In other words, each unique element allows a system to add complexity at that scale, interface with reality differently, and engage in unique and complex behaviors. The more complexity at different system scales, the more adaptable a system is in interfacing with reality at those scales. That said, if a system gets a punch to the face and is not adaptable to deal with its effects, it quickly experiences a cascading reduction of complexity and collapses.
All systems get punched in the face sooner or later. What happens with a system after the punch is where the fun begins; the system still has to maintain internal coherence and operational efficiency while simultaneously pivoting its operations to adapt to the novel external conditions. As Mike Tyson aptly pointed out, the old plan is invalid after the punch because reality has violently imposed itself on the system's assumptions.
Let's explore a principle of systemic efficiency and adaptability that accounts for the punches and what comes after them. I call it Ariadne's string principle after the ancient Greek myth of Theseus and the Minotaur.
Ariadne’s gift
The great Daedalus, legendary builder and craftsman of the ancient world, was tasked by King Minos of Crete to construct a labyrinth so complex that escape would be impossible. Once in, you were never supposed to be able to leave. On top of that, this labyrinth was to be built as a prison for the Minotaur, a creature with a man's body and a bull's head. Daedalus built the unique maze, the Minotaur was locked inside it, and the king put it to grim use, imposing a tribute on defeated Athens: the sacrifice of seven young men and seven young women every seven years to the Minotaur.
When the tribute was due again, Theseus, the prince of Athens, volunteered to be one of the seven young men destined for the labyrinth, pledging to slay the monster. However, our valiant hero was not alone. The daughter of King Minos - Ariadne - who, as it happens in myths, was in love with brave Theseus, approached Daedalus, pleading with the maze builder to help the hero escape. Moved, Daedalus asked Ariadne to give our hero a ball of string. Yes.

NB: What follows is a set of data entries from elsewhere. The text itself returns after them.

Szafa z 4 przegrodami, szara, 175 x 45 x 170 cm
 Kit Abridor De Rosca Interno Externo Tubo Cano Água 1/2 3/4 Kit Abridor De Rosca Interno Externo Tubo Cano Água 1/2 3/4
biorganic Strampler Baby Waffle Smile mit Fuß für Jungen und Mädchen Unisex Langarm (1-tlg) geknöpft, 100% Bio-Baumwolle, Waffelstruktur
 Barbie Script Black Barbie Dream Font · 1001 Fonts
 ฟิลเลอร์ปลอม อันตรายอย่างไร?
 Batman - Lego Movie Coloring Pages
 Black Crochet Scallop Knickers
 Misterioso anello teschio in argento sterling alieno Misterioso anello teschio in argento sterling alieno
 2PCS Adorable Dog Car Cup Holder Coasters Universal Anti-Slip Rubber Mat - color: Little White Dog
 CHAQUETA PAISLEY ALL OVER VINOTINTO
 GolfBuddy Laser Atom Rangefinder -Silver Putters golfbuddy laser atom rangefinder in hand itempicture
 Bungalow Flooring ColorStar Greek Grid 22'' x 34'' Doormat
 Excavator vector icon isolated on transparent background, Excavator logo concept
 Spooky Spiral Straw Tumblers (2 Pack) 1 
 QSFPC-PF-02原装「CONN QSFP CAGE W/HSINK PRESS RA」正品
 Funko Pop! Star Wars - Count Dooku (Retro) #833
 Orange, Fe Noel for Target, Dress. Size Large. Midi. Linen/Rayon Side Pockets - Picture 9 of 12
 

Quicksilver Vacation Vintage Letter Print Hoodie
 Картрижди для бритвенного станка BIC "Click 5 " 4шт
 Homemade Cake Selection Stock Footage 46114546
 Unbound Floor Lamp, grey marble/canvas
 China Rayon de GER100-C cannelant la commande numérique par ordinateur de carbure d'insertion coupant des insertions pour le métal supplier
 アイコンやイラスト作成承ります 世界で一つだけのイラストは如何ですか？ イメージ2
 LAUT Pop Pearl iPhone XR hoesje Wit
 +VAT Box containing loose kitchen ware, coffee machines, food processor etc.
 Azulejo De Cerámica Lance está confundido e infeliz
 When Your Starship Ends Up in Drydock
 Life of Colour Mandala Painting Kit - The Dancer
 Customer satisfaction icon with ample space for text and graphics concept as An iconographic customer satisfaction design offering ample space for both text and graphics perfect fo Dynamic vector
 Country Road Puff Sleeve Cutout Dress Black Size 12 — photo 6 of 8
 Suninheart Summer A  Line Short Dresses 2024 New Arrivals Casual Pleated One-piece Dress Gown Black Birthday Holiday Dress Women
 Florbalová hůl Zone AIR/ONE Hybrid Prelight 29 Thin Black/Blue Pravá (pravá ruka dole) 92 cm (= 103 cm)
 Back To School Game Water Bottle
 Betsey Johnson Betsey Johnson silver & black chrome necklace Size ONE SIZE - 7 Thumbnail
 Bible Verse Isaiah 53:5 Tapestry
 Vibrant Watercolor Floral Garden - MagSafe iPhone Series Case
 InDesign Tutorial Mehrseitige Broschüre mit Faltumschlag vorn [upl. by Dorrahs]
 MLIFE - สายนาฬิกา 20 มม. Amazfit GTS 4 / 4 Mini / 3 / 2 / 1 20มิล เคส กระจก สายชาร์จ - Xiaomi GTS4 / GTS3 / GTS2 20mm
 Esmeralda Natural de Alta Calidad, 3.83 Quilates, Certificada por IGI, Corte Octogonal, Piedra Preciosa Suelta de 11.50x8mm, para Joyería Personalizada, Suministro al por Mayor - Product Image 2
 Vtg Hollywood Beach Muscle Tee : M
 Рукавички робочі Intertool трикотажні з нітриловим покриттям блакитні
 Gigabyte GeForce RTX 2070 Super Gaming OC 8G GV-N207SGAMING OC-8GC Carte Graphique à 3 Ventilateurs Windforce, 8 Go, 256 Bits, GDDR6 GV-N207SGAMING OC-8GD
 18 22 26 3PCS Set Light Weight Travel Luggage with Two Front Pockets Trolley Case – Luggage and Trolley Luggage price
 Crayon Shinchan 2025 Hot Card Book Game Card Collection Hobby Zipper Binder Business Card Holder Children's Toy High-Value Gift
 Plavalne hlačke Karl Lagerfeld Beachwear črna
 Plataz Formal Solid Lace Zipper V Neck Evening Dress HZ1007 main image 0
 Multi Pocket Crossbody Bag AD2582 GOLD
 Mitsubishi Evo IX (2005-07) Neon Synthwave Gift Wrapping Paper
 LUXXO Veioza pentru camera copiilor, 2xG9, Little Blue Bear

The myth does not mention Ariadne's initial reaction to that solution, but one can imagine it. In any case, Daedalus explained that this string was to be tied to the entrance of the labyrinth and unrolled as Theseus ventured deeper into it. As it turned out, this hack allowed our hero to navigate the maze, slay the Minotaur, and trace his steps back to freedom. Ariadne's string is the key to this myth, so let's unpack its role further.
Between Adaptability and Efficiency
On the face of it, the string is an absurd way of finding your way around in a labyrinth. Why not use a map? Or, absent a map, a series of "take the first right, walk straight 20 paces and turn left" instructions? All Theseus would have to do is trace his movements according to the plan and never stray from it. After all, Daedalus was the maze builder and presumably remembered its construction plan. One would expect a legendary techno-craftsman to produce some intricate contraption showing the way to Theseus. So, why the crude and simple string?
Simply put, because Theseus was about to be punched in the face.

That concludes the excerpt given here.